Rabu, 03 Oktober 2018

KISAH ARYA DAMAR


KISAH ARYA DAMAR
 
Orientasi
Arya Damar (sebelumnya bernama Jaka Dilah) adalah nama seorang pemimpin legendaris yang berkuasa di Palembang pada pertengahan abad ke-14 sebagai bawahan Kerajaan Majapahit. Ia disebut juga dengan nama Ario Damar atau Ario Abdilah. Menurut kronik Cina dari Kuil Sam Po Kong Semarang, ia memiliki nama Tionghoa yaitu Swan Liong (Naga Berlian) tanpa nama marga di depannya, karena ibunya merupakan wanita peranakan Tionghoa.

Penaklukan Bali
Nama Arya Damar ditemukan dalam Kidung Pamacangah dan Usana Bali sebagai penguasa bawahan di Palembang yang membantu Majapahit menaklukkan Bali pada tahun 1343. Dikisahkan, Arya Damar memimpin 15.000 prajurit menyerang Bali dari arah utara, sedangkan Gajah Mada menyerang dari selatan dengan jumlah prajurit yang sama. Pasukan Arya Damar berhasil menaklukkan Ularan yang terletak di pantai utara Bali. Pemimpin Ularan yang bernama Pasung Giri akhirnya menyerah setelah bertempur selama dua hari. Arya Damar yang kehilangan banyak prajurit melampiaskan kemarahannya dengan cara membunuh Pasung Giri. Arya Damar kembali ke Majapahit untuk melaporkan kemenangan di Ularan. Pemerintah pusat yang saat itu dipimpin Tribhuwana Tunggadewi marah atas kelancangannya, yaitu membunuh musuh yang sudah menyerah. Arya Damar pun dikirim kembali ke medan perang untuk menebus kesalahannya.

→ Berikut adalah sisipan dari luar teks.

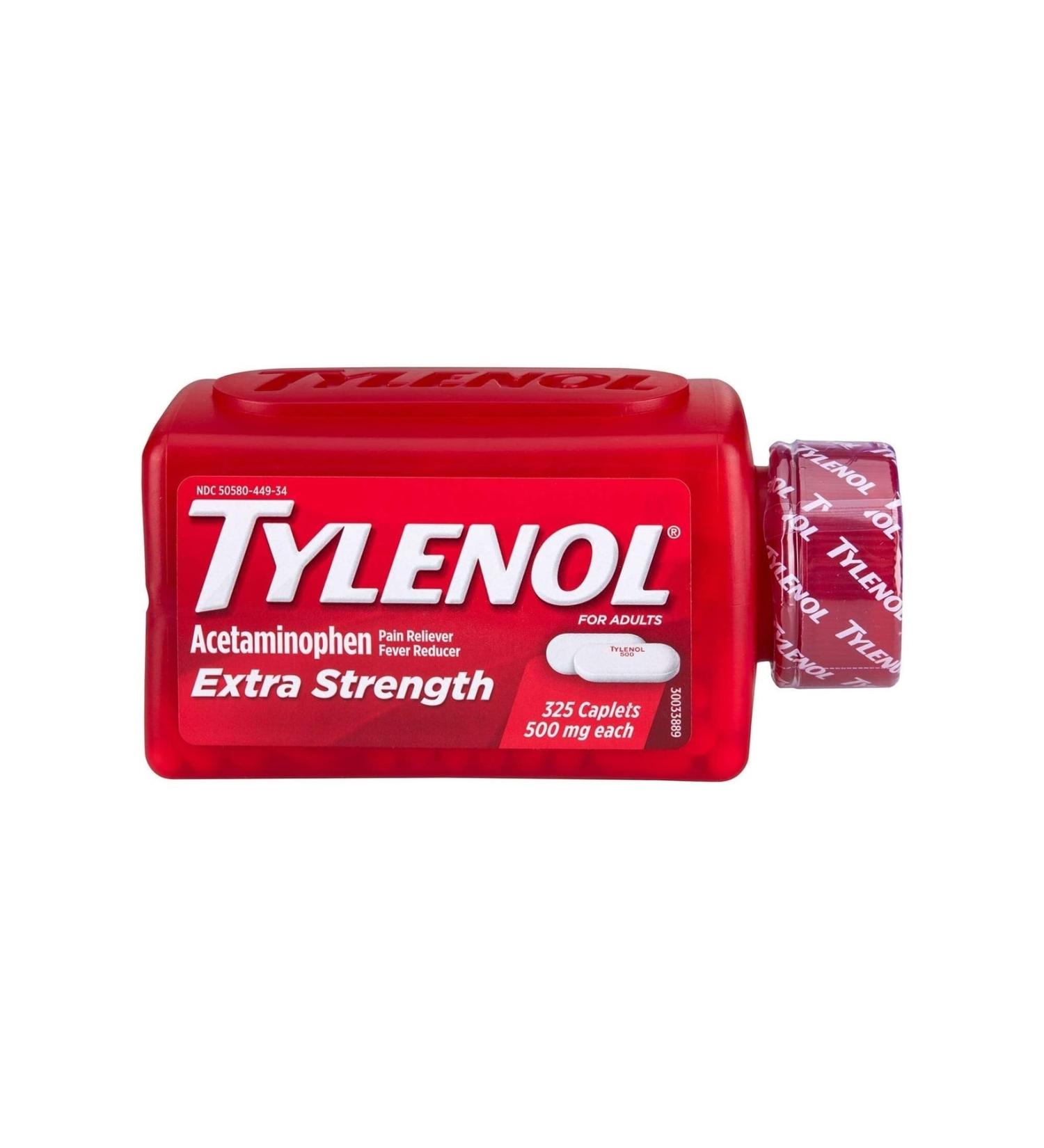 Extra Strength 500 Mg 325 Tablets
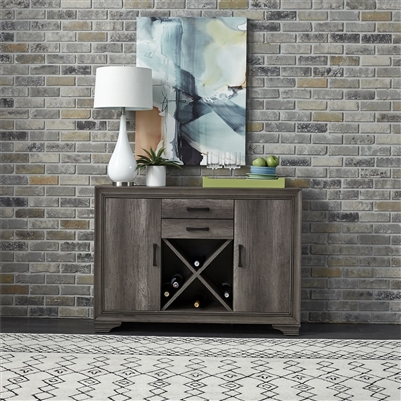 Tanners Creek Server in Greystone Finish by Liberty Furniture - LIB-686-SR5136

Arya Damar tiba di Bali bergabung dengan Gajah Mada yang bersiap menyerang Tawing. Sempat terjadi kesalahpahaman di mana Arya Damar menyerbu lebih dulu sebelum datangnya perintah. Namun keduanya akhirnya berdamai sehingga pertahanan terakhir Bali pun dapat dihancurkan.
Seluruh Pulau Bali akhirnya jatuh ke dalam kekuasaan Majapahit setelah pertempuran panjang selama tujuh bulan. Pemerintahan Bali kemudian dipegang oleh adik-adik Arya Damar, yaitu Arya Kenceng, Arya Kutawandira, Arya Sentong, dan Arya Belog. Sementara itu, Arya Damar sendiri kembali ke daerah kekuasaannya di Palembang. Arya Kenceng memimpin saudara-saudaranya sebagai penguasa Bali bawahan Majapahit. Ia dianggap sebagai leluhur raja-raja Tabanan dan Badung.

Identifikasi dengan Adityawarman
Sejarawan Prof. Berg menganggap Arya Damar identik dengan Adityawarman, yaitu penguasa Pulau Sumatra bawahan Majapahit. Nama Adityawarman ditemukan dalam beberapa prasasti yang berangka tahun 1343 dan 1347 sehingga jelas kalau ia hidup sezaman dengan Arya Damar.
Menurut Berg, Arya Damar adalah penguasa Sumatra, Adityawarman juga penguasa Sumatra. Karena keduanya hidup pada zaman yang sama, maka cukup masuk akal apabila kedua tokoh ini dianggap identik. Di samping itu, karena Adityawarman adalah putra Dara Jingga, maka Arya Damar dan adik-adiknya juga dianggap sebagai anak-anak putri Melayu tersebut.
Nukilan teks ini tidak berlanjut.